TMS Team Preview: The 2016 Los Angeles Angels in the Outfield of Anaheim California

March 14, 2016 | Comments (0) | by Governor X

Over the coming weeks, Thunder Matt's Saloon will have previews of all 30 MLB teams. We're starting at the bottom and working our way up based on the current Vegas odds for winning the 2016 World Series.

Today we look at the Angels.

No, not those angels. Is that Annabeth Gish in the middle? She doesn't age.

2015 Finish: 85-77, 3rd place in the AL West

So Long: David Freese, Chris Iannetta, Matt Joyce, Serial Killer Mat Latos, Shane Victorino, David Murphy, David DeJesus, Erick Aybar
Welcome: Andrelton Simmons, Cliff Pennington, Geovany Soto, Craig Gentry, Daniel Nava, Yunel Escobar, Al Alburquerque

Projected Lineup via Rotochamp.com:
1. Yunel Escobar, 3B
2. Kole Calhoun, RF
3. Mike Trout, CF
4. Albert Pujols, DH
5. C.J. Cron, 1B
6. Daniel Nava, LF
7. Andrelton Simmons, SS
8. Carlos Perez, C
9. Johnny Giovatella, 2B

Starting Rotation: Garrett Richards, Andrew Heaney, C.J. Wilson, Jered Weaver, Matt Shoemaker
Setup: Joe Smith, Fernando Salas, Jose Alvarez, Mike Morin, Cory Rasmus, Hector Santiago
Closer: Huston Street

Rap Lyric Loosely Related to the Team: 
"Disneyland rappers, go the fuck back to Anaheim"
- Davideo, The Admiral's Lounge (Interlude)

When I looked up their record, I really couldn't believe the Angels went 85-77 last year.

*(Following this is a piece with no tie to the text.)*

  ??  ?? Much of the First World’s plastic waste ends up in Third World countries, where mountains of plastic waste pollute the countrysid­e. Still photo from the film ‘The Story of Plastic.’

They were largely ignored both locally and nationally, so the only two things that immediately came to mind were Arte Moreno finally pulling the plug on Josh Hamilton and the annual speculation that Mike Scioscia might get fired. He wasn't. I have nothing else to say about the 2015 Angels.

Now these 2016 Angels? Well, I don't have a lot to say about them either. This team just sits there year after year in some expensive, past-its-prime purgatory. You probably know a lot of those names above, but that's because they were good like five years ago. Pujols? .244 hitter now. Jered Weaver? Hahaha, see below. Huston Street? Still has a stripper's stage name. I don't know whether this team is going to win 85 games again or lose 85, but I can guaranfuckingtee you they won't be winning the world series. 

Reason to Watch: Let's be honest. The only reason to watch this team is Mike Trout. It's truly amazing how he has overcome polio to become one of the Top 22 center fielders in the game. His idiot mother really should have gotten him vaccinated.

Reason to Drink: 
Pedro Moura ‏@pedromoura
One scout in attendance has Jered Weaver topping out at 80 mph in two innings today. He threw a 78-mph fastball Austin Barnes hit for a HR.
The Fans: Angel fans fit into three categories: 1) True believers - My family is from Anaheim and can count on one hand the number of real hardcore fans I knew before the frauds showed up. Speaking of which... 2) Lifelong Angels Fans Since 2002 - Oh man did a lot of "lifelong" fans come out of the woodwork when they won the world series. Where were you hiding before? Sizzler? 3) Kids - Hi Leo.

Their Worst Contract: They still owe Josh Hamilton $40 million to play for a division rival.

Fantasy Standout: If you can get passed his stupid name and penchant for eating frozen corn dog bites, Kole Calhoun showed a lot of power and promise last year. If your league awards points for players standing on their hind legs, even better. 

Fantasy Bust: Garrett Richards, the Angels "ace," had an ERA pushing 4 coming off of knee surgery last season. Sure he could get better, but are you really going to take that chance?

The Pop Culture Equivalent To This Team Is: They used to be owned by Disney. Probably something Disney. Maybe one of those old racist cartoons no one talks about anymore.